* **WHAT THE TASK ASKS**
What should be copied is the stretch of entries below from the line with "ブルー◆チェックシャツ【t-10466】" up to and including the line with "MANUAL Grinder AUTOMATIC", exactly and without images.

* **DATA UNDER STUDY**
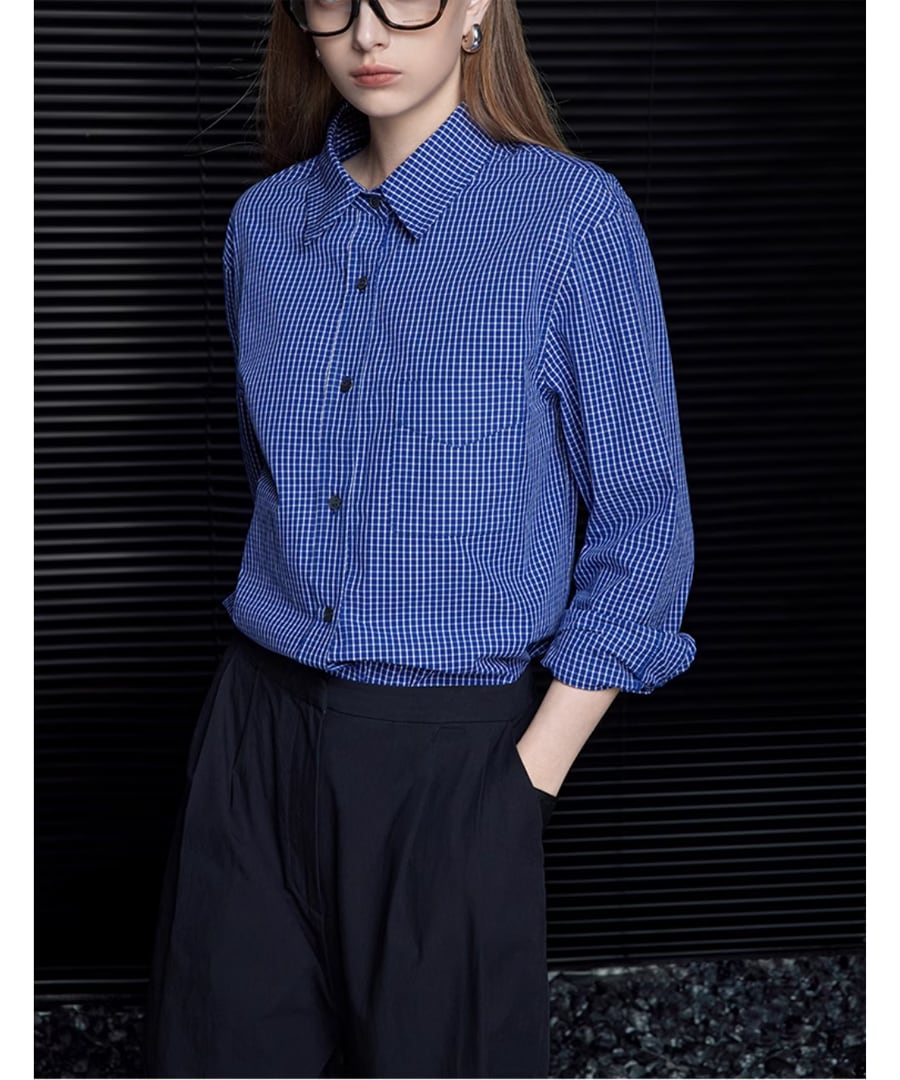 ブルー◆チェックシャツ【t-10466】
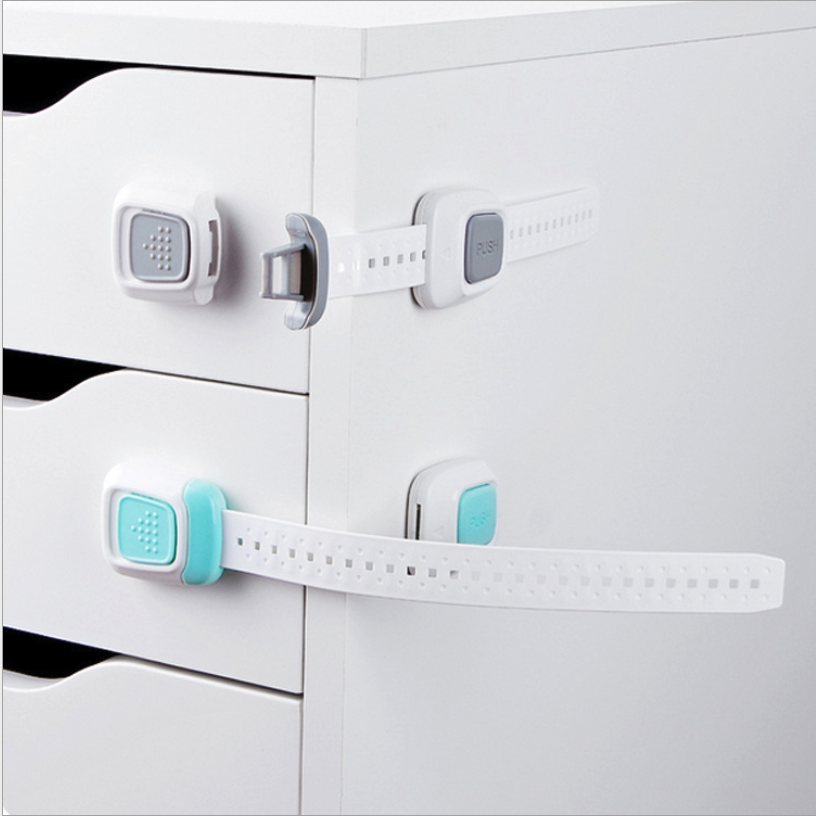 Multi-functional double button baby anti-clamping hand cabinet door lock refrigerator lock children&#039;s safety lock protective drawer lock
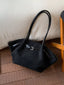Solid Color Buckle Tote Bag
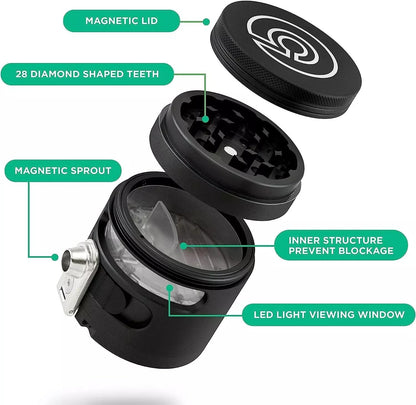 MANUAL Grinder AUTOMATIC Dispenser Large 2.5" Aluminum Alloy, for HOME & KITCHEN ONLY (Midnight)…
---
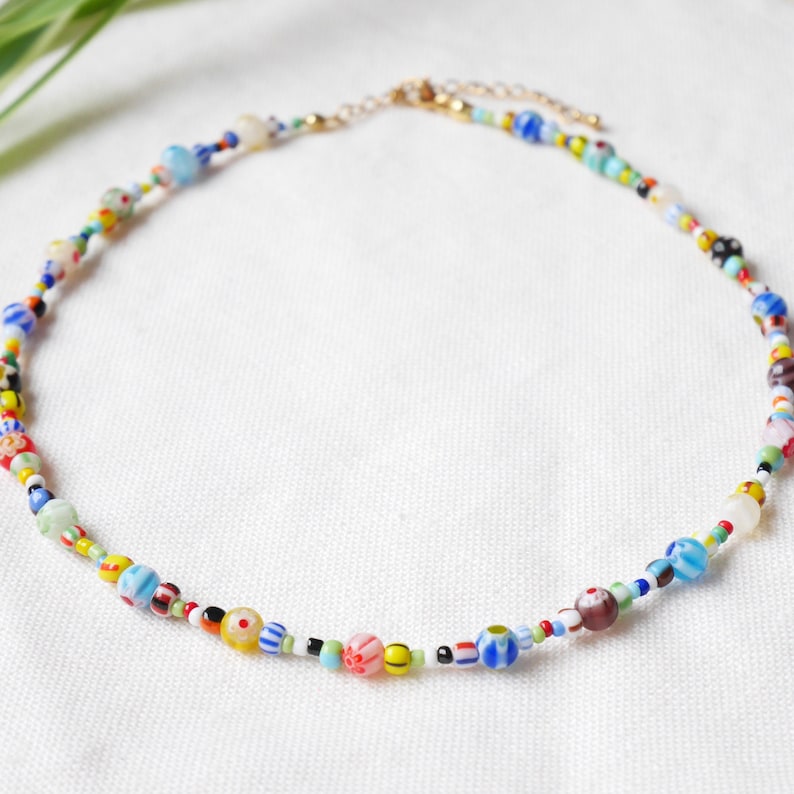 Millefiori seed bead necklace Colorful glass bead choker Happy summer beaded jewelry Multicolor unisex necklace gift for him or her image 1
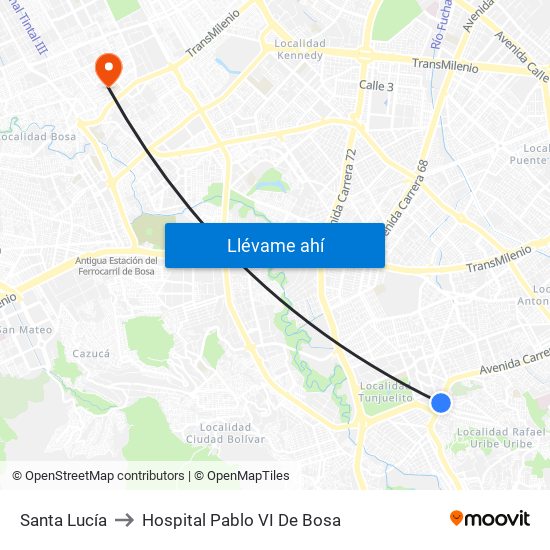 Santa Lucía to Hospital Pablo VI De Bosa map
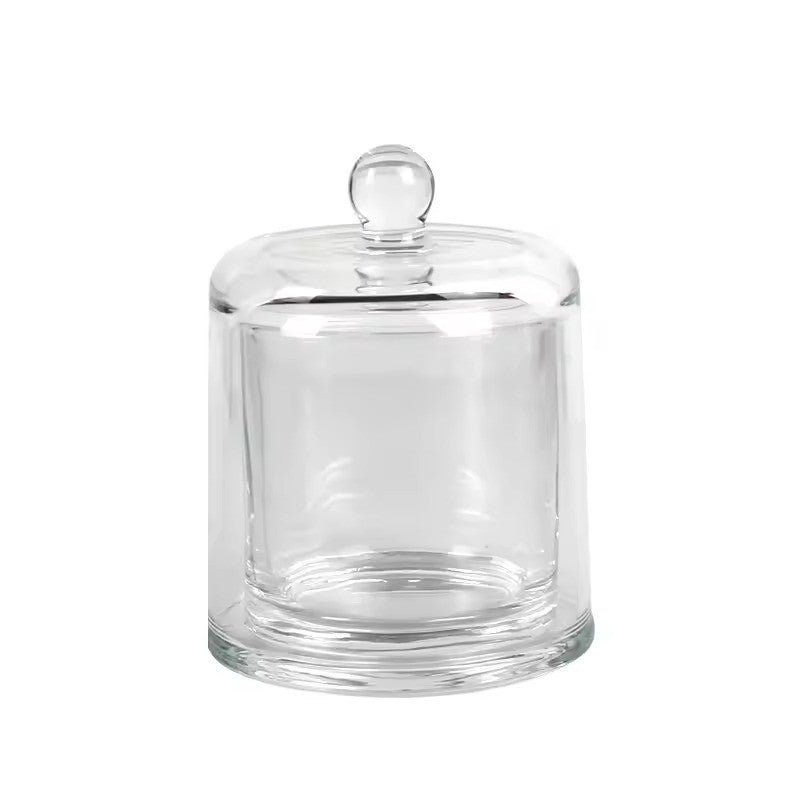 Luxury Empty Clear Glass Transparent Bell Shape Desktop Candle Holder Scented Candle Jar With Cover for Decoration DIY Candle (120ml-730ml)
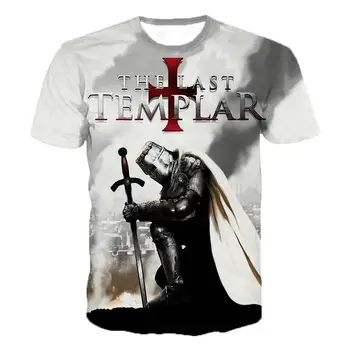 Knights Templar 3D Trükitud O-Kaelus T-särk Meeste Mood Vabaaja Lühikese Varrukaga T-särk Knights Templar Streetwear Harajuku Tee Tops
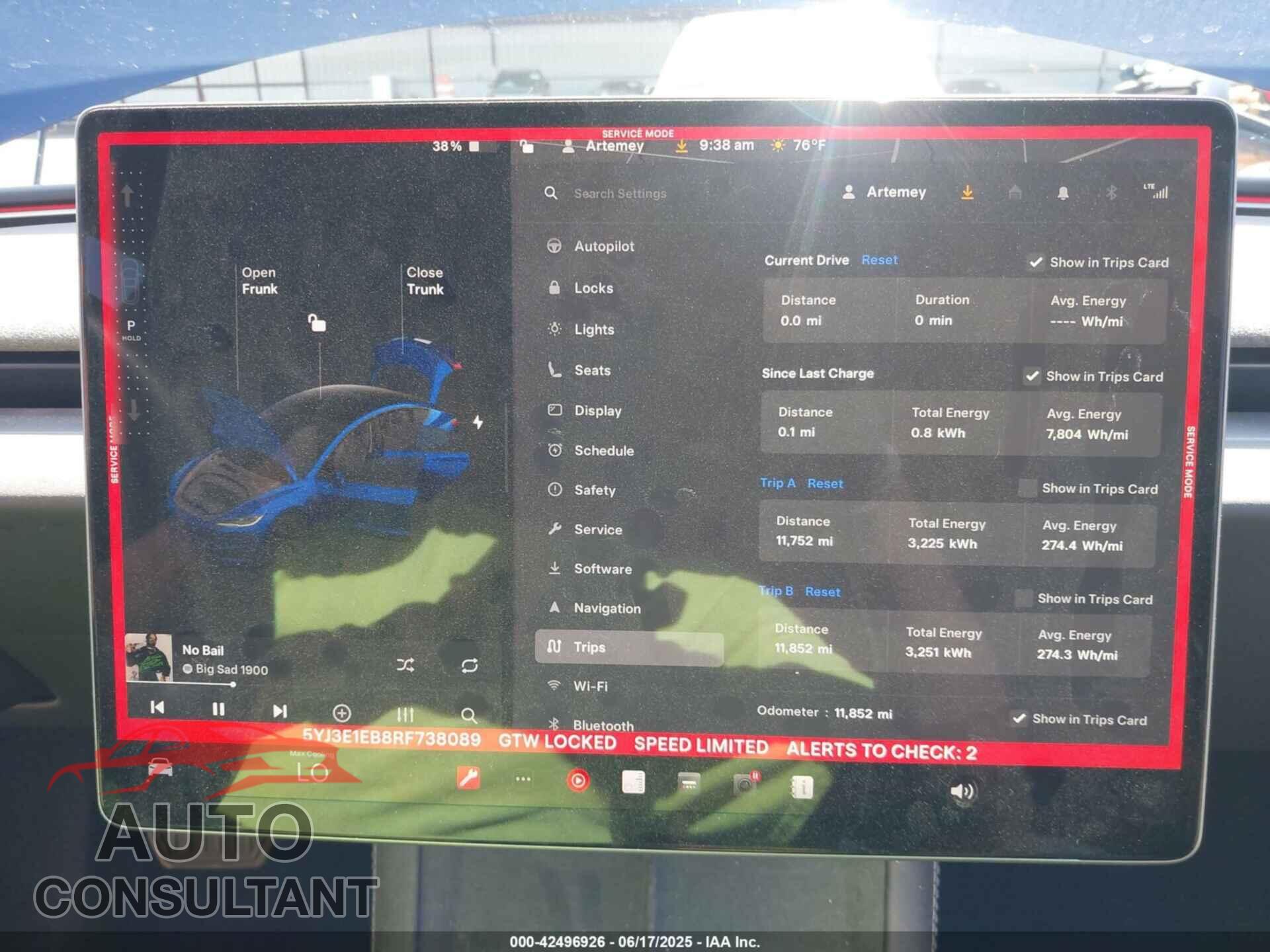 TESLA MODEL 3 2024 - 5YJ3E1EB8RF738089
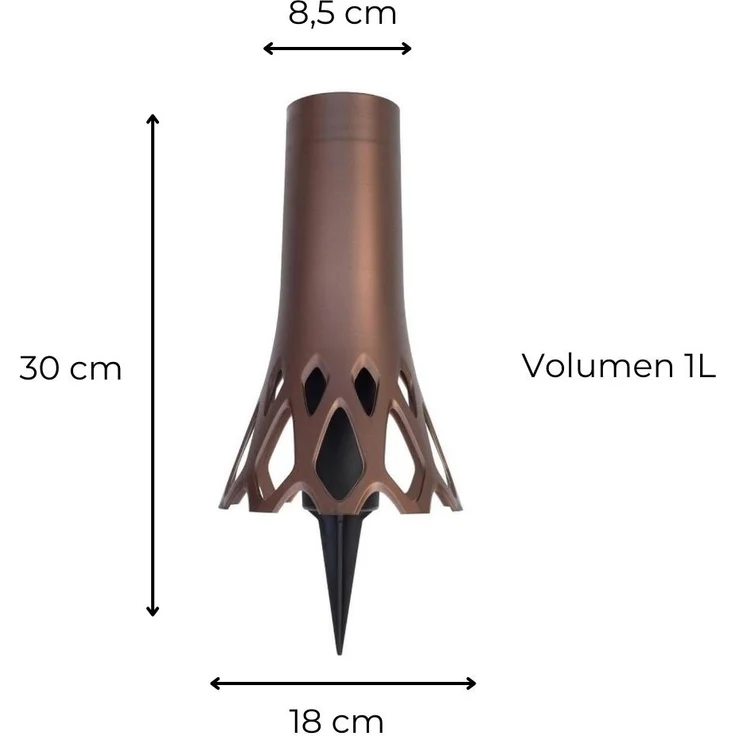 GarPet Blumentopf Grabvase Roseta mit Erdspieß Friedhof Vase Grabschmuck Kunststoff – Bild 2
==
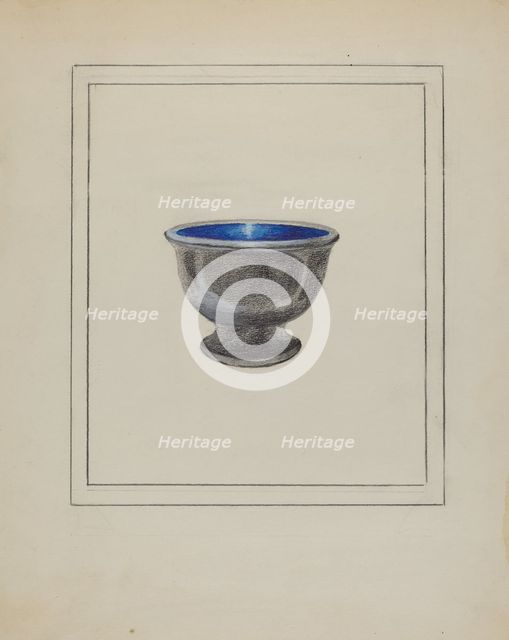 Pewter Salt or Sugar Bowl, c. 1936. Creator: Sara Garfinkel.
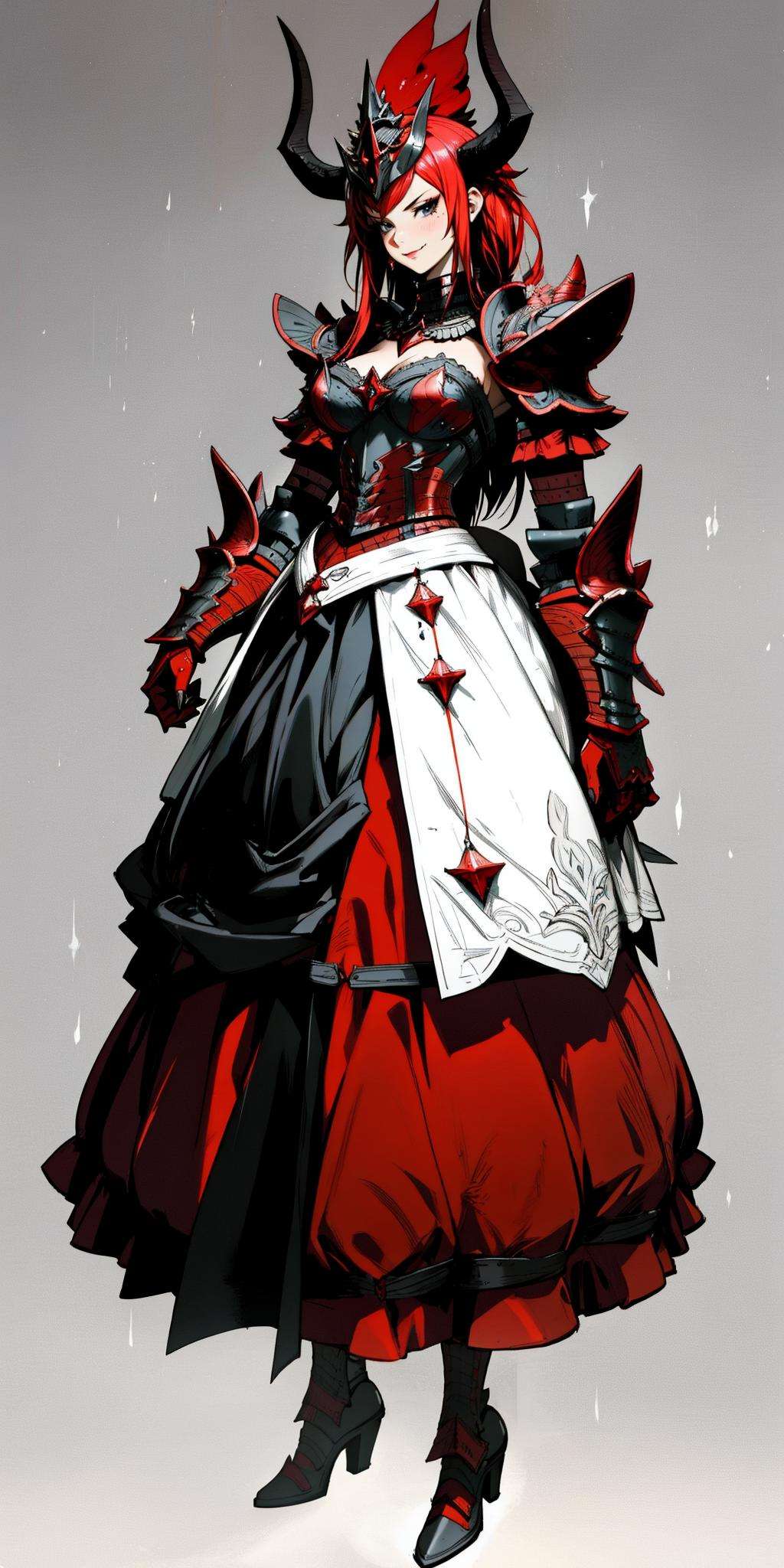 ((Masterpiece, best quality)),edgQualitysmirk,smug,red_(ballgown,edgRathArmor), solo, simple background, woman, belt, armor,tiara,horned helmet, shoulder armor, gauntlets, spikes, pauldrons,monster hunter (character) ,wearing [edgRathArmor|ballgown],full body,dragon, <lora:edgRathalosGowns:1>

* **REPLY**
 ブルー◆チェックシャツ【t-10466】
 Multi-functional double button baby anti-clamping hand cabinet door lock refrigerator lock children&#039;s safety lock protective drawer lock
Solid Color Buckle Tote Bag
 MANUAL Grinder AUTOMATIC Dispenser Large 2.5" Aluminum Alloy, for HOME & KITCHEN ONLY (Midnight)…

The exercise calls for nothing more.